Recently, I posted a few food pictures from our Autumn celebrations on Kokopelli Bee Free Media as well as on Google+ and Pinterest. Soon, people would start asking me for recipes (of which variations can mostly be found on my “Inspiration Nourishment” Pinterest board) and I also received instructions on how to make Kaddu Ki Sabzi – Pumpkin Indian Style – from the lovely Kamini Mehra.
As this came to me quite spontaneously, I did not have all the ingredients at home, so I opted for a little variation:
Kaddu Ki Sabzi à la Kersey
- 1 small pumpkin (kaddu)
- ¼ tsp black mustard seeds
- 1 tsp fennel seeds (sonf)
- 1 tsp cumin seeds (jeera)
- ¾ tsp coriander seeds
- 1 or 2 red chillies (optional)
- ½ tsp ground cayenne pepper
- ½ tsp ground turmeric (haldi)
- 2 tsp maple syrup
- ¾ – 1 cup water (1 American measuring cup = 236,6ml)
- Sea salt
- 2 tbsp virgin rapeseed oil
- ¼ tsp ground garam masala
- 1 tsp mixed dried and ground citrus peels
- A few leaves of fresh lemon balm
- A pinch of dried mint per serving
Method of Preparation:
- Wash the pumpkin. Peel and chop the pumpkin.
- Seed red chilies and chop finely.
- In a pan heat oil.
- Add the mustard, coriander, fennel and cumin seeds and fry for a minute on a low flame.
- Now add the red chillies and fry for about 15 seconds.
- Add the chopped pumpkin and all the dried spices except the garam masala, mint and ground citrus peels.
- Add the maple syrup.
- Mix the pumpkin with the spices and maple syrup. Add water and salt. Cover the pan with a lid and cook the pumpkin for about 15-20 minutes till it becomes soft and mushy.
- Now mash the cooked and soft pumpkin and add the garam masala as well as ground citrus peels. Stir the mashed pumpkin well and cook for a minute or two.
- If the end product still looks watery, then evaporate the water by cooking it without the lid.
- Garnish with a pinch of dried mint and a few leaves of fresh lemon balm. Serve ‘kaddu ki sabzi’ while it is warm.

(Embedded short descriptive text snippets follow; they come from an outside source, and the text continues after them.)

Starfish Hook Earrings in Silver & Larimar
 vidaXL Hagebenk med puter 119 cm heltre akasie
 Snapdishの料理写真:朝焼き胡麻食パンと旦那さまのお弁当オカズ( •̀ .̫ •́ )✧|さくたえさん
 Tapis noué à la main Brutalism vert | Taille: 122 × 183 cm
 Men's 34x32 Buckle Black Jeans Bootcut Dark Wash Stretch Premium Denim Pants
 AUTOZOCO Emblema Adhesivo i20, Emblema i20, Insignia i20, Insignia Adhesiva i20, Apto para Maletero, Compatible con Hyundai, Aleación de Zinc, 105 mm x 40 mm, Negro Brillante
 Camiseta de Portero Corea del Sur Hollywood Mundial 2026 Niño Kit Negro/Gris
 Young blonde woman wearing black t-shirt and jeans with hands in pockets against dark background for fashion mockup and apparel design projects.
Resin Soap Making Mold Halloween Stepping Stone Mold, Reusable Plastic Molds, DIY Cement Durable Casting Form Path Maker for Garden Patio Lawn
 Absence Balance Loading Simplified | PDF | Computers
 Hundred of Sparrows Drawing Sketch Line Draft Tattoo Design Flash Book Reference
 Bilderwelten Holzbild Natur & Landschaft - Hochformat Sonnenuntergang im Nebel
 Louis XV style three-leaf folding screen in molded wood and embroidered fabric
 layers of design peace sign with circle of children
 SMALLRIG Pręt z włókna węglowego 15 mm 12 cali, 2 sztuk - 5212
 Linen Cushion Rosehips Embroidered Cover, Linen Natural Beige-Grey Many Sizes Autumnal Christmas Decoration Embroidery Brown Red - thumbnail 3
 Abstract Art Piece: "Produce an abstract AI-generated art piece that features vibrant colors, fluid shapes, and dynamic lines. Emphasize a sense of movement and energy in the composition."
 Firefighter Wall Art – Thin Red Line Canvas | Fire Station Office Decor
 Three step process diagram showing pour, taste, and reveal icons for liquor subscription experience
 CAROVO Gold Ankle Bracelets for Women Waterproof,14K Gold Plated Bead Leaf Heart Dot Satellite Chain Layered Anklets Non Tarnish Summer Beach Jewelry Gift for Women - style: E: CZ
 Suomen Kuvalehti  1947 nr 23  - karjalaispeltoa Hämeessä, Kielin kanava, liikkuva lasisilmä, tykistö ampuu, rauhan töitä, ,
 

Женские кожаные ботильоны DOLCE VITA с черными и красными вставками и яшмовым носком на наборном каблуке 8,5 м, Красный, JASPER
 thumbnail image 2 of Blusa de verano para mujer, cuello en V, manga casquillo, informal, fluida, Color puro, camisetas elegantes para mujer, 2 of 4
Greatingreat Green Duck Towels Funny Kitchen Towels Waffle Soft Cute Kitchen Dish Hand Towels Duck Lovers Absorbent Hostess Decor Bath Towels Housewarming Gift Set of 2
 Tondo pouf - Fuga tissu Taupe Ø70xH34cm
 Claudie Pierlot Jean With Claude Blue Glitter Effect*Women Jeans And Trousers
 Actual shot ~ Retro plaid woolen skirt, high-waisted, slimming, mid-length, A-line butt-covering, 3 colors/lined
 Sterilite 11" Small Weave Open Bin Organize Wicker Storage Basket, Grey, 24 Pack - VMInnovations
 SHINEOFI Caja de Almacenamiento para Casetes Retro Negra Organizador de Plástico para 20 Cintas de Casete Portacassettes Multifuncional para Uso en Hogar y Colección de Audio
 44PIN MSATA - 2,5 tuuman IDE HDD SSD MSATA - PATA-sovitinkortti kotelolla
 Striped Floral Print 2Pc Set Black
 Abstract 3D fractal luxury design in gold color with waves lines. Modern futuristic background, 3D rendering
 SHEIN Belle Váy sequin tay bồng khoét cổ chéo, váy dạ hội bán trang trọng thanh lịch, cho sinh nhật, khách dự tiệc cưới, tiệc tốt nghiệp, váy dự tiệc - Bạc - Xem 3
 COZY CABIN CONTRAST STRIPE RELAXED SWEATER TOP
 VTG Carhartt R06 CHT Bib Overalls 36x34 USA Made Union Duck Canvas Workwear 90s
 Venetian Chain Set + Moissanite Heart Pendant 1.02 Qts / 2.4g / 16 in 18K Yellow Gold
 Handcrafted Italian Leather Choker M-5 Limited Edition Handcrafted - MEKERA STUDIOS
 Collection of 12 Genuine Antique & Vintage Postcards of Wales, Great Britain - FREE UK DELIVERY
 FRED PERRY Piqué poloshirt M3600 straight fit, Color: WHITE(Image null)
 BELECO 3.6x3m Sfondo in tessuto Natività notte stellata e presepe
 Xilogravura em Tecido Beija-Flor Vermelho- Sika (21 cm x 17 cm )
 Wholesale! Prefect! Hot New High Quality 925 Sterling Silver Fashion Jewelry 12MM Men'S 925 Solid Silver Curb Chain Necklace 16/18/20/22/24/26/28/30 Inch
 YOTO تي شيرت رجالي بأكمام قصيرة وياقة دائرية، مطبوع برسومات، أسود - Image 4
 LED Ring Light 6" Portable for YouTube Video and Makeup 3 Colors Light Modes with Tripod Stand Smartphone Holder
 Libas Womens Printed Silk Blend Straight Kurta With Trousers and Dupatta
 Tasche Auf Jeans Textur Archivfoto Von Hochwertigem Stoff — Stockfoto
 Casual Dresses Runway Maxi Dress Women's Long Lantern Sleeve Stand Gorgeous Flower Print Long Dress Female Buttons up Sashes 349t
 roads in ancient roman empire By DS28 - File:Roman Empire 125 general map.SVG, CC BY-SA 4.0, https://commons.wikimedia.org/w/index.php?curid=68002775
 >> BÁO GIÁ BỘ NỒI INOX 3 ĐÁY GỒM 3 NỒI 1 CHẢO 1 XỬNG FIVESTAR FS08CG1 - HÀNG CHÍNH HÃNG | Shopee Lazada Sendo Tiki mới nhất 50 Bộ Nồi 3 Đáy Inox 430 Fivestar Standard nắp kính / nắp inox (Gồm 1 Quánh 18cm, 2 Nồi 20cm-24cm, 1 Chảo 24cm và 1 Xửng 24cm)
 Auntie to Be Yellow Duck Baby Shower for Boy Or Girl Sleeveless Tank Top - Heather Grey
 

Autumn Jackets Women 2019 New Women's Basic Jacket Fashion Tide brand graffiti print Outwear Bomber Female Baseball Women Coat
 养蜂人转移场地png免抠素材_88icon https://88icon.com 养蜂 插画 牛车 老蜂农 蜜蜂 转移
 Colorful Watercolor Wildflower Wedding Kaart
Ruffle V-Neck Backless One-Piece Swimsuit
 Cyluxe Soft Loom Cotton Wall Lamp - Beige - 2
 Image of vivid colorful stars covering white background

Puris, chapattis or rice can be eaten with the ‘kaddu ki sabzi’.
Serves : 4
With those two chilies I used the dish was quite spicy. So, I maybe would use a bit less, next time. To balance the spiciness we had some soya yogurt alongside.
We did not have all of the original ingredients at hand, so here are the changes I made:
- I used a Hokaido pumpkin which does not need to be peeled.
- Instead of olive oil I used rapeseed oil.
- I opted for mustard seeds instead of fenugreek and maple syrup instead of jiggery (an Indian suggar variety) to make up for the fact that we did not have any fenugreek left in stock.
- I added a few coriander seeds to the spice mix as we were out of fresh leaves.
- Instead of ground lal mirch (red chili) I used cayenne pepper.
- I used fresh red chilies (like those you get in any European store) instead of the little dried ones you usually use for Indian cooking.
- We always have sea salt at hand, so I opted for this instead of using namak (rock salt).
- As we did not have amchur (ground mango) I opted for homemade ground dried peels of mixed citrus fruits.
- Our fresh mint on the balcony is already pulling back for winter, but our lemon balm would still let me harvest a few leaves, so I used the latter with some dried wild mint for the extra touch.